Very disappointed with a 1.5 gain this week. I had been doing so well Sat – Wed with somedays only having under 5 syns and then Thurs, Fri got the munchies and couldn’t stop eating. I know we are supposed to snack on speed food between meals but I don’t think this was a physical hunger just a craving that I am unable to control.
I tried to make better choices ie Quark with choc shot in rather than real chocolate and cottage cheese rather than real cheese but this still lead to a gain.
I don’t know how my head changes so much? On the 1st Feb I posted on Instagram my Feb goals (to have a loss every week!) how can I have ruined this just 4 days later? I weighed myself on Wed and was showing a 2lb loss but come Saturday where did the 3.5lb come from? I wasn’t that off plan? If I am totally honest I was over my syns on Thurs and Fri but only over by about 5 or so. Cumulative over the week I was still well within my syns. How can that lead to such a gain?
I have friends that I have made at my SW group but the resounding thoughts in my head at this moment is why is weightloss so bloody lonely. There is only me that feeds myself, shoves the food in my mouth and cooks for myself so there is only one person to blame.
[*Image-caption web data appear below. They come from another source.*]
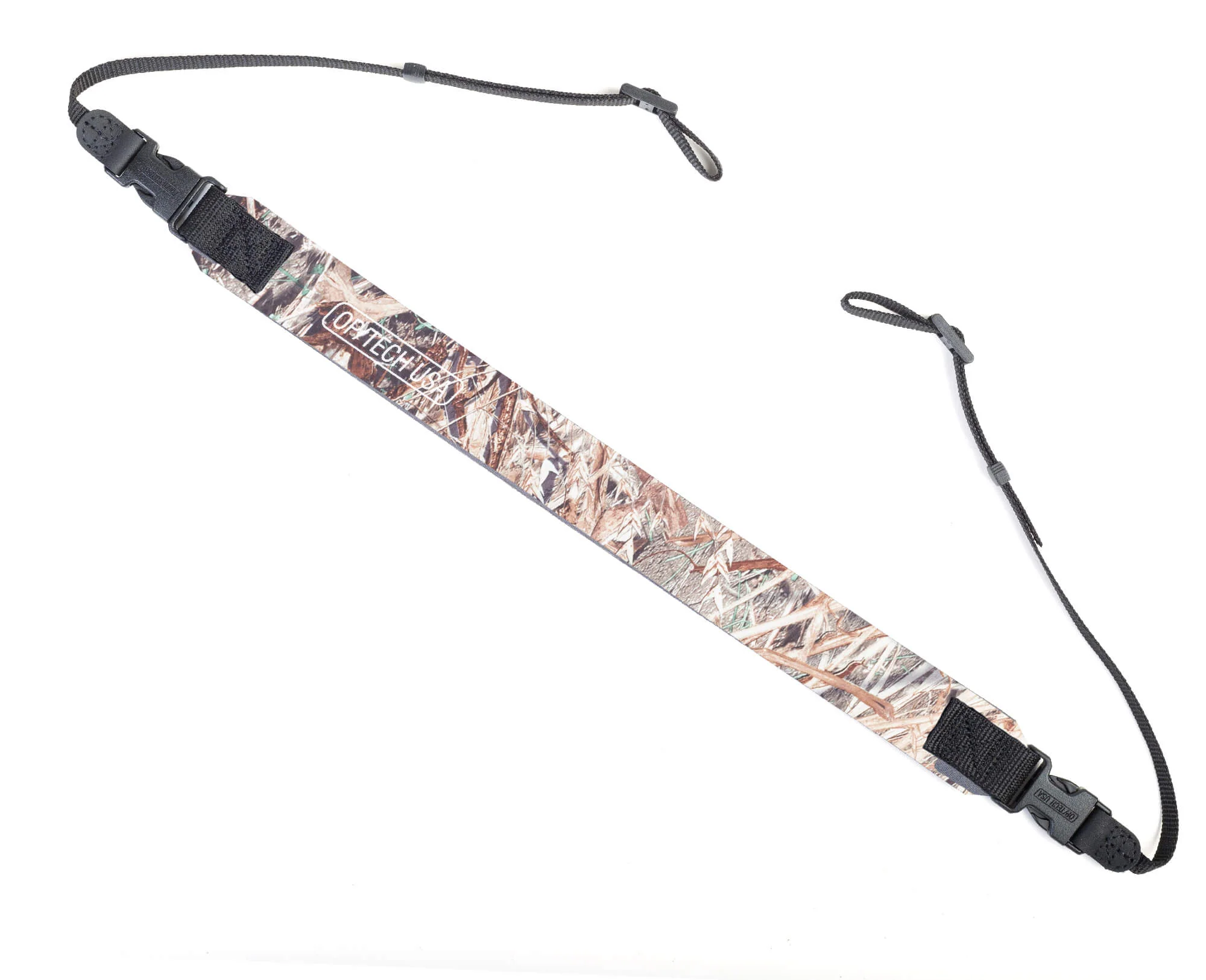 op-tech-fashion-strap-20.jpg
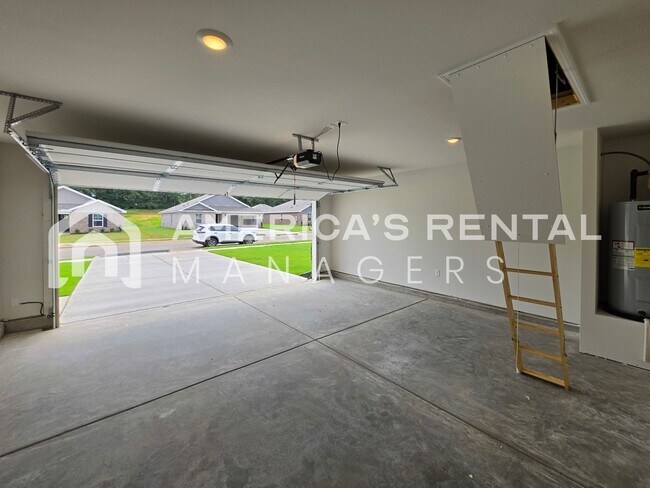 Building Photo - New Construction Home for Rent - Available NOW!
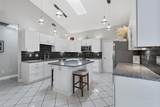 3 Echo Woods Way - Photo 9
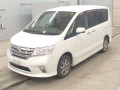 2011 Nissan Serena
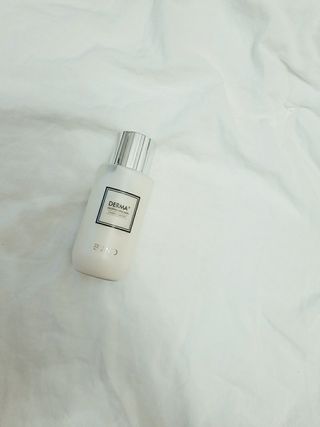 또니님이 올린 리뷰 사진 1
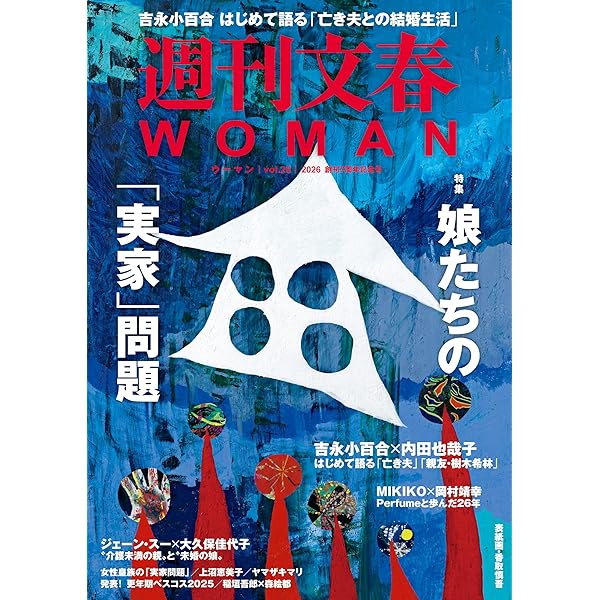 Amazon.co.jp: Circus Funk (初回生産限定盤A) (特典なし): ミュージック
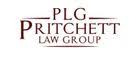Pritchett Law Group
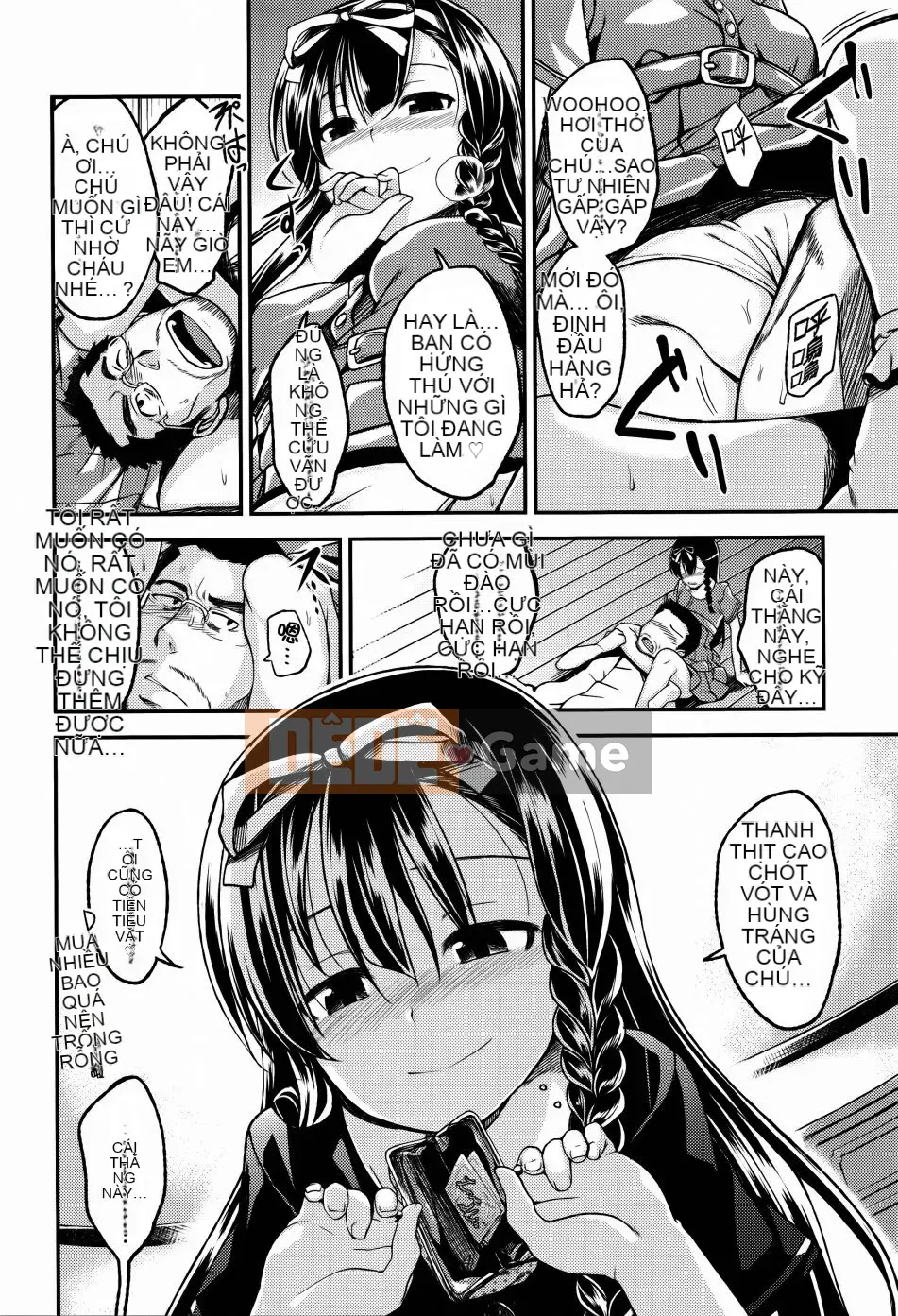 [Hirama Hirokazu] Hoa anh đào + Tờ rơi 4P (Khủng hoảng Sakura Momo + Tập sách 4P)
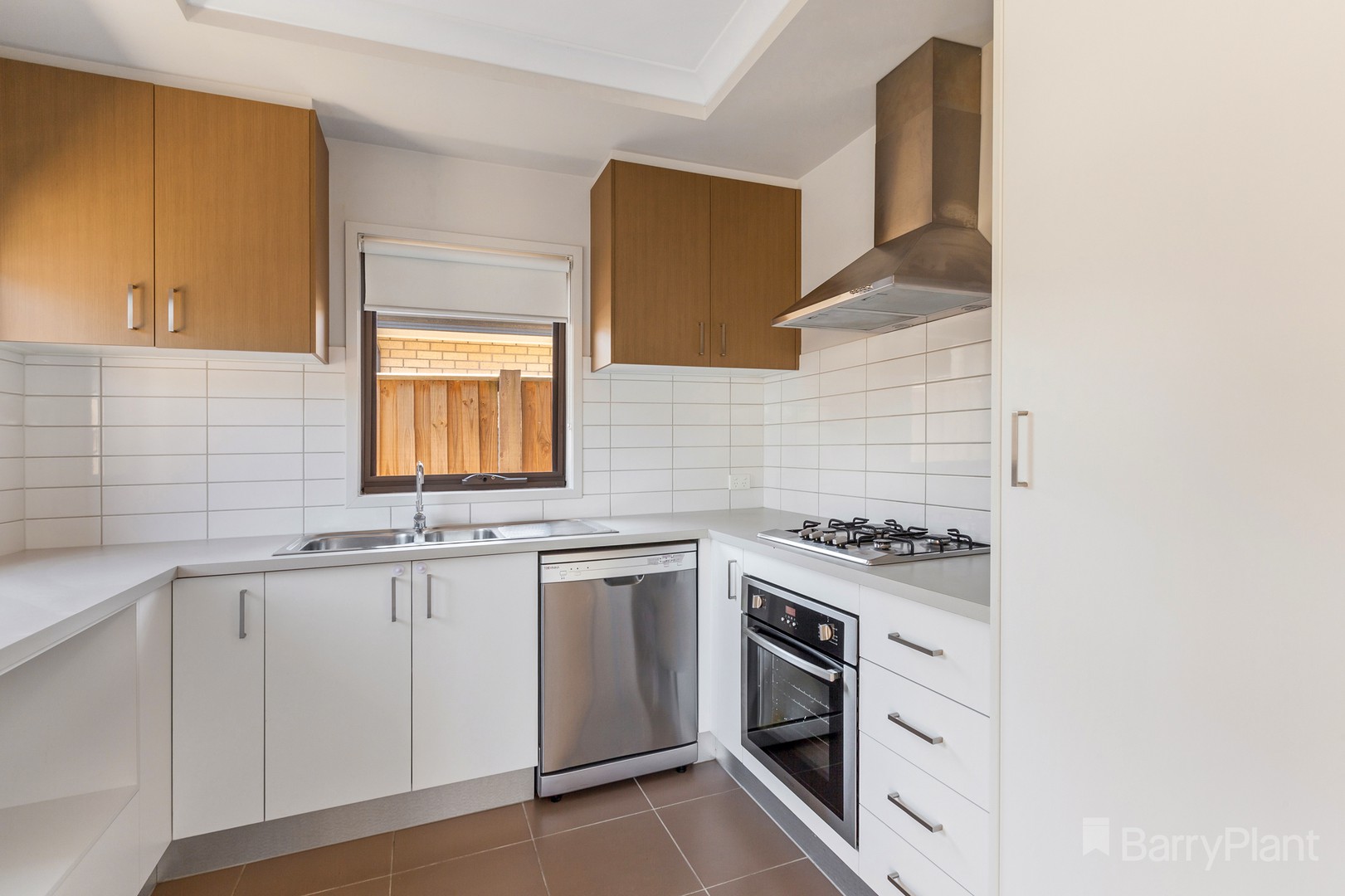3 Fortitude Avenue, Beveridge, VIC 3753, Beveridge - Thumbnail 2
I’m tired of trying to keep positive and but a brave face on it. I just want to feel better about myself and loose weight consistently. If I hear about anyone else going out at the weekend or having takeaways and cake then still losing I will scream!
How do I get out of the cycle of losing a pound and then gaining a pound?
I booked a trip away for March and was so looking forward to going 2 stone lighter. Really hope I haven’t ruined my aim.